Working data:
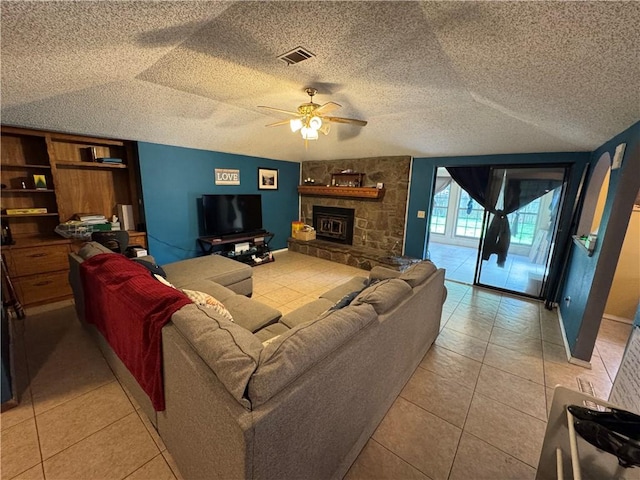 60 N Redwood Cir, Sallisaw, OK 74955 - living area featuring visible vents, a fireplace, a textured ceiling, a ceiling fan, and light tile patterned floors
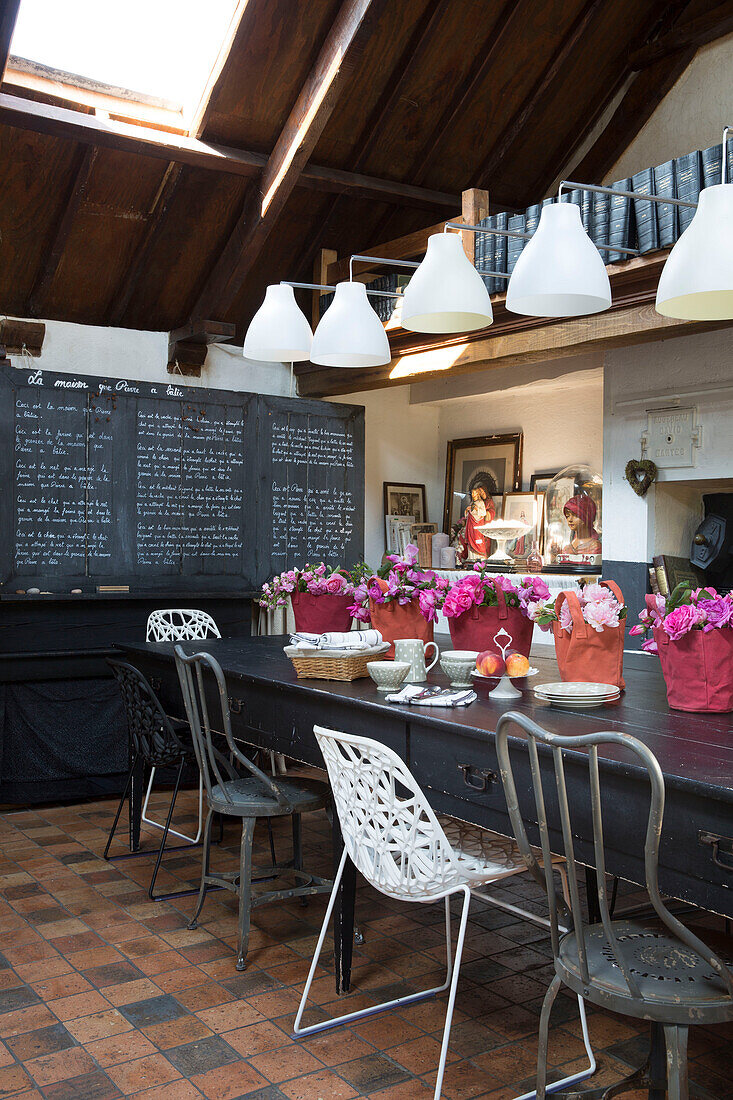 Pink centrepieces on dining table below pendant lights with menu on chalkboard in French farmhouse dining room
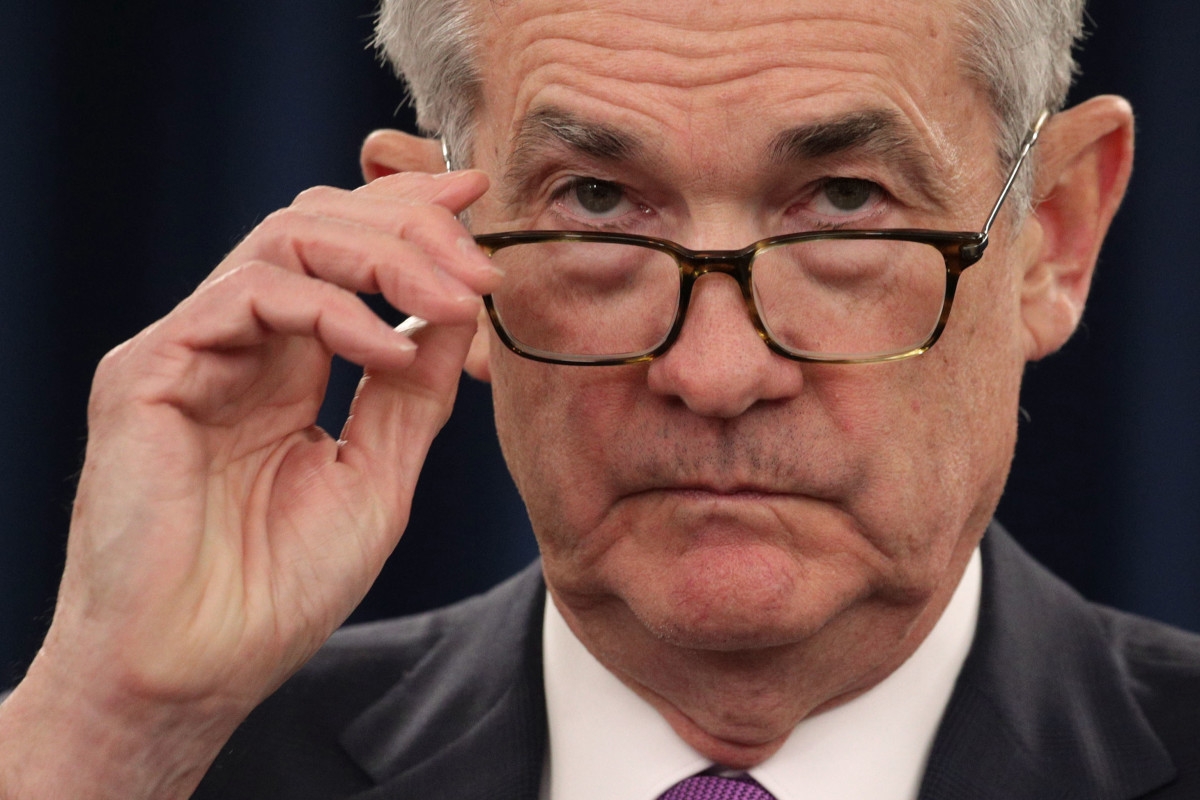 Markets sink as Fed's decision fuels uncertainty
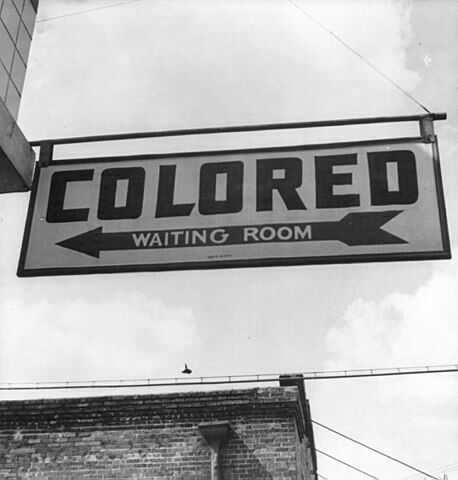 Sign with the words: “Colored Waiting Room”.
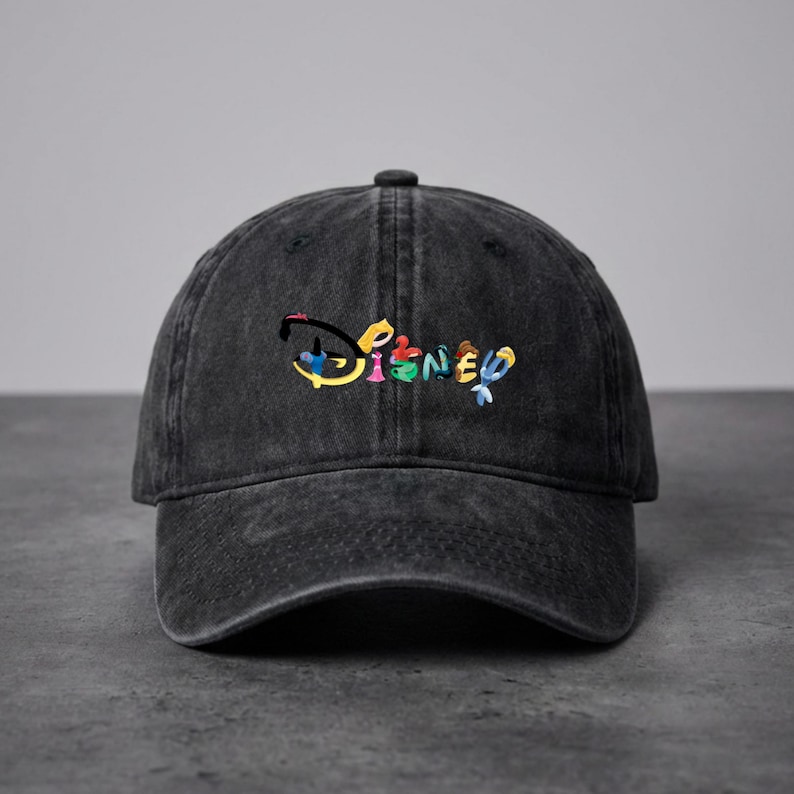 Op de afbeelding: Een zwarte, uitgewassen baseballcap met het Disney-logo geborduurd in kleurrijke letters. De cap heeft een gebogen klep en een stoffen bandsluiting aan de achterkant. Het Disney-logo is in een regenboog van kleuren.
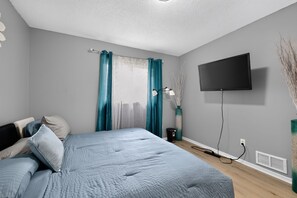A bedroom with a bed, curtains, a TV, and a vase. - Cozy Townhome Near Downtown & Target Field (Minneapolis)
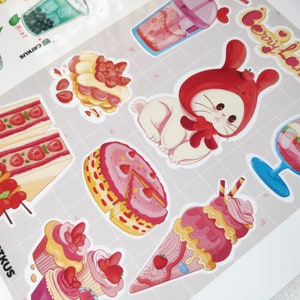 May include: A set of colourful stickers featuring a variety of sweet treats, including cakes, ice cream, and a bunny wearing a strawberry hat. The stickers are decorated with strawberries and hearts and have the text "Berry Land!" on one of the stickers.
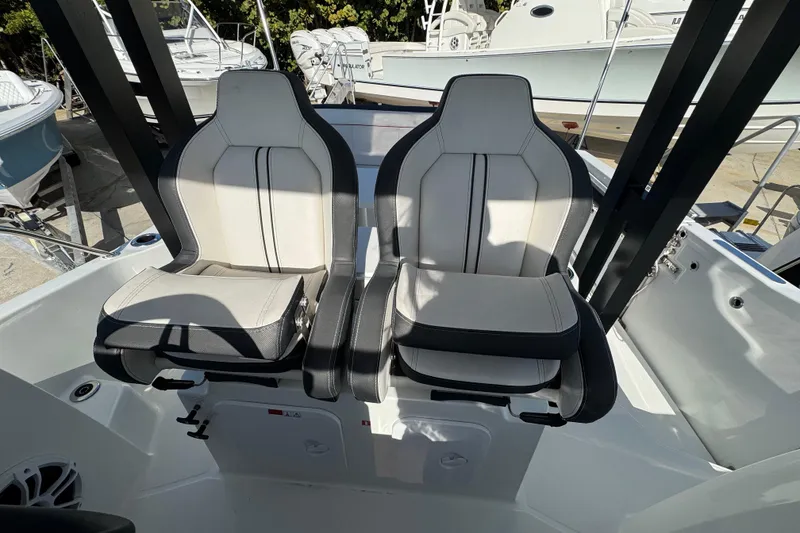 Slide: The Image of 2026 Jeanneau Leader 9.0 WA Series 2 boat seats, modern design, black and white upholstery. - 16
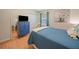 Comfortable bedroom featuring wood floors, a TV, and bright-colored decor at 2095 Gherry Dr, Austell, GA 30106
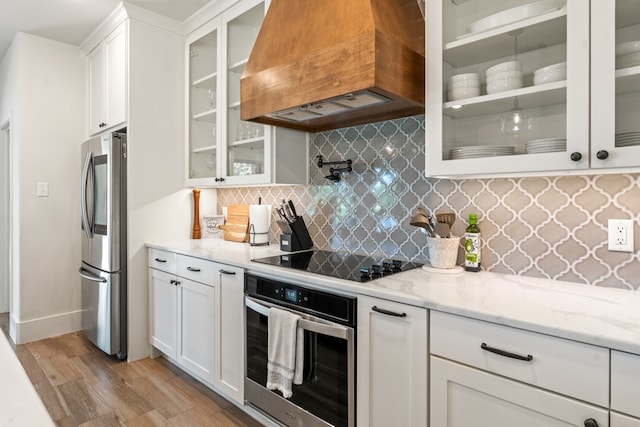 kitchen featuring decorative backsplash, appliances with stainless steel finishes, custom exhaust hood, light hardwood / wood-style flooring, and white cabinetry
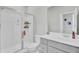 Bright bathroom featuring a glass shower enclosure, gray vanity and simple fixtures at 225 Bird Song Path, Summerville, SC 29485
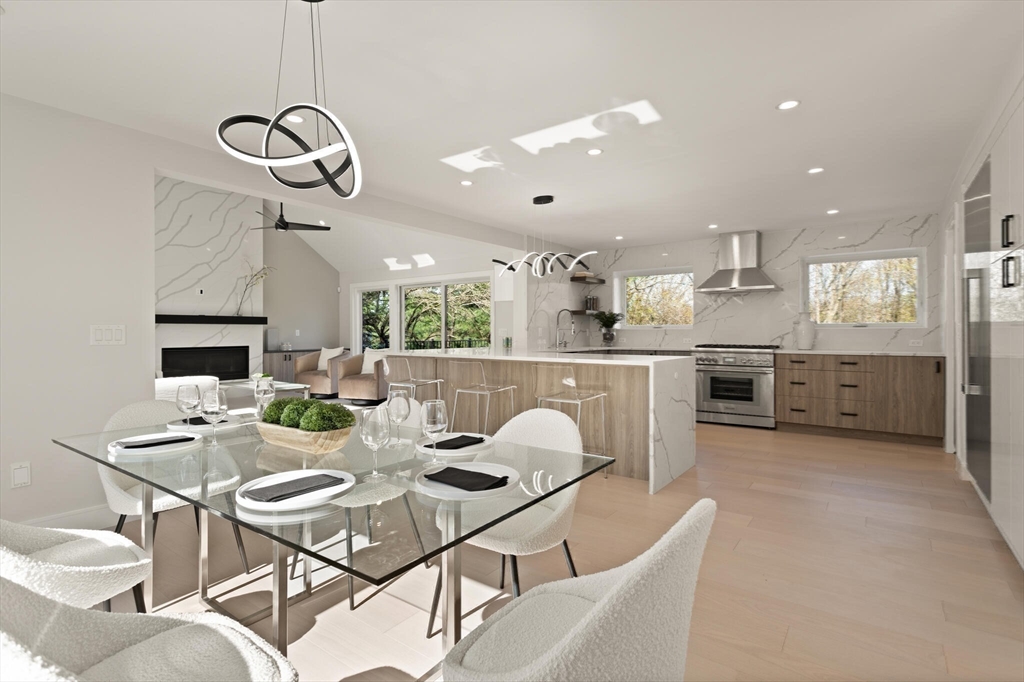 21 Richard Road Lexington, MA 02421 - Photo 14 of 34 a view of a dining room and livingroom with furniture wooden floor a rug a chandelier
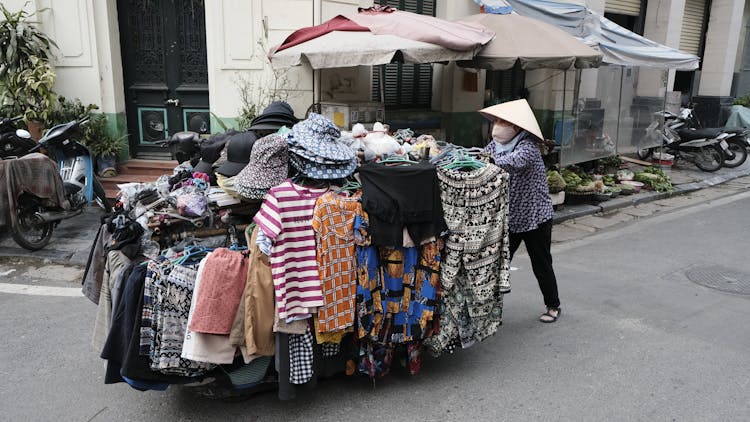 Woman Wearing An Asian Hat Selling Clothing On A Street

Aim of the task: The expected output is an exact copy of the lines from the one with "Comfortable bedroom featuring" to the final line of the entries above, pictures excepted; please include both ends.

Solved exercise:
 Comfortable bedroom featuring wood floors, a TV, and bright-colored decor at 2095 Gherry Dr, Austell, GA 30106
 kitchen featuring decorative backsplash, appliances with stainless steel finishes, custom exhaust hood, light hardwood / wood-style flooring, and white cabinetry
 Bright bathroom featuring a glass shower enclosure, gray vanity and simple fixtures at 225 Bird Song Path, Summerville, SC 29485
 21 Richard Road Lexington, MA 02421 - Photo 14 of 34 a view of a dining room and livingroom with furniture wooden floor a rug a chandelier
 Woman Wearing An Asian Hat Selling Clothing On A Street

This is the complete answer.